Hehehe,
Pete:
What an interesting post.
I have worked games before 39,000 and 40,000 people in the stands. The advantage of working in an MLB Stadium is that the crowd is so far away you really can't hear any comments directly from the fans. You, of course, can hear the huge crowd noise but I have heard many, many more comments in high school games where the "crowd" is sometimes less than 15' from the dish.
I have also seen myself work on TV. Some of our college games are played live on TV and then re-cylced on cable over-and-over.
I also have hired an evaluation firm each of the last three year to video me when I umpire.
Here's point:
When you see yourself on the big screen it sure doesn't happen the way you think it does!

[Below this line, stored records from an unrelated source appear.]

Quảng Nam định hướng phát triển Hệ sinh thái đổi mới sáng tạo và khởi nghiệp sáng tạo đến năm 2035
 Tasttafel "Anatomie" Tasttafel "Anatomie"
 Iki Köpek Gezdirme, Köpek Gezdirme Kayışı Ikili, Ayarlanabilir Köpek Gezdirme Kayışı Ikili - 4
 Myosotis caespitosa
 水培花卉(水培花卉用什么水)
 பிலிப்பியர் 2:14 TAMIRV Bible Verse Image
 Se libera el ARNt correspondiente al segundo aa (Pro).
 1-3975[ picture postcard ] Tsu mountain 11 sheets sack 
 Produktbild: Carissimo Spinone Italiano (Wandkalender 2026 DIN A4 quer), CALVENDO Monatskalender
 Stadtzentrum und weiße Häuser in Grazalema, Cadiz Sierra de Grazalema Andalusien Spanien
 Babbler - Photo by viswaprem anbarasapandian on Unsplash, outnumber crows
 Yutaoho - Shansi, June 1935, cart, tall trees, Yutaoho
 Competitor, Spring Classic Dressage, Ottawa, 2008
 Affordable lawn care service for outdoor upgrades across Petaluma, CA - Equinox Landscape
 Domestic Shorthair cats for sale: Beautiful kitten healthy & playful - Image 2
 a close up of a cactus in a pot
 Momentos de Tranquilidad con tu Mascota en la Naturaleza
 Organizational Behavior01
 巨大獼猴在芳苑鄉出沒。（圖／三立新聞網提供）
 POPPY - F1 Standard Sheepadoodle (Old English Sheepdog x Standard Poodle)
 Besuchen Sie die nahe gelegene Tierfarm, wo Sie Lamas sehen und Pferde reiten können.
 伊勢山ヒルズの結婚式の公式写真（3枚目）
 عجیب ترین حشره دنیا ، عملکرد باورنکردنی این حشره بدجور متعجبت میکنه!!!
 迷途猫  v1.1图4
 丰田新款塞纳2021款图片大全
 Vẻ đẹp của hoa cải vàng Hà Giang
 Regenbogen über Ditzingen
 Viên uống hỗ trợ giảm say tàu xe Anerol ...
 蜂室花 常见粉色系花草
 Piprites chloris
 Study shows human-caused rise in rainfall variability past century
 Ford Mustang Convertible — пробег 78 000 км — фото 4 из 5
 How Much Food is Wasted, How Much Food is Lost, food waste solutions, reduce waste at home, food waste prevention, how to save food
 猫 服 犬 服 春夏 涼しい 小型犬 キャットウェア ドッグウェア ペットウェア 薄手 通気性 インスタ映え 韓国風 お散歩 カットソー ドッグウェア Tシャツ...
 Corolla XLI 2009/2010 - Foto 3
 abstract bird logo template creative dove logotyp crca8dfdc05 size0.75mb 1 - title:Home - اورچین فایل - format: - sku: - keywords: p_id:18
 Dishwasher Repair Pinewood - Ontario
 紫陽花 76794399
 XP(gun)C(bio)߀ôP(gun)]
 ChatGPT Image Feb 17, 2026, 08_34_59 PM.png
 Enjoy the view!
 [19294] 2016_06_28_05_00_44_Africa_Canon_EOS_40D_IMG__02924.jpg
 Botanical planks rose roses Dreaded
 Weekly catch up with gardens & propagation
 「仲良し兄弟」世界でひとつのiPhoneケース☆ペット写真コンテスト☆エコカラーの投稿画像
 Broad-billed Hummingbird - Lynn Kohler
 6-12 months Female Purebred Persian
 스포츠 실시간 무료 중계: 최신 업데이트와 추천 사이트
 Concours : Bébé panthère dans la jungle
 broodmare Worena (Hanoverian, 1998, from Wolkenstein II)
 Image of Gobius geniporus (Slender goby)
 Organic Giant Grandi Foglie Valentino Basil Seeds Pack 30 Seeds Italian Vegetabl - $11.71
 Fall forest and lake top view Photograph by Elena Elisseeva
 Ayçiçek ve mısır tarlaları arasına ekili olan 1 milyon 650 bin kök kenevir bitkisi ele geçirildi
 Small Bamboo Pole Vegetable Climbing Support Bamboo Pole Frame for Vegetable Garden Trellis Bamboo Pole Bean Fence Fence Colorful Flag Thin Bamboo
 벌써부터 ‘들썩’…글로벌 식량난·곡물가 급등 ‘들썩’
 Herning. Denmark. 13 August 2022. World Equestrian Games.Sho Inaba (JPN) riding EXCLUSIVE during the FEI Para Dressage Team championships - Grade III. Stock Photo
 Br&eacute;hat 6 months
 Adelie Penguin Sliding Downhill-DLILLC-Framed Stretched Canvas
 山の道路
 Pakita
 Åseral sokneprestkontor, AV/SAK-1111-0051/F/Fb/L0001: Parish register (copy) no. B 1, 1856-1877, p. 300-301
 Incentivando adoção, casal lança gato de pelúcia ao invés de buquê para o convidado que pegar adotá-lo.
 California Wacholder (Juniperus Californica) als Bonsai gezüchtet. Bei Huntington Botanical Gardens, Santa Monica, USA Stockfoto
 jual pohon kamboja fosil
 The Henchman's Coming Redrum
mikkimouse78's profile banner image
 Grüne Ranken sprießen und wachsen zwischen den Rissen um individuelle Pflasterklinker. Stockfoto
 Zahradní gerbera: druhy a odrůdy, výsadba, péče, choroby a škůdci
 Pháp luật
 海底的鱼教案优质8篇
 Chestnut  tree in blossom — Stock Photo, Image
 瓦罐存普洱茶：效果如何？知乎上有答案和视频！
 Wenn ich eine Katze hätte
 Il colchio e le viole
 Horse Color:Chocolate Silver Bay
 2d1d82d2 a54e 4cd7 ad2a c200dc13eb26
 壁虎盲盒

Seriously, I was flat out embarrasssed by my "look" in my plate tape of three years agao. If, as the experts say, TV adds 25 to 30 pounds to the average person think what it did to a 275 pound FATTY! It was flat out embarrassing.
My tape from this season if much better simply because I am just under 200 pounds now and that makes me not only look better but I do move better.
From my college tapes it is fortunate (?) there is no centerfield camera to evaluate my "K Zone" . . . I know I call the bottom of the knee and I am afraid of what it would look like when the catcher snatches the pitch just above ground level.
I don't buy outright your concerns over the size of players -- I work plenty of high school games where heights of players are drastically different. I adjust the best I can -- sometimes you win, other times you tie.
In another thread SDS speaks of "pressure" of working sub-varsity games compared to varsity contests . . . while I have identified that it is just a different type of pressure . . . REAL PRESSURE is to walk out of the tunnel and see a see of 40,000 fans that don't give a $hit about the job you are about to do . . . and noticing how FAST real baseball (tm) happens.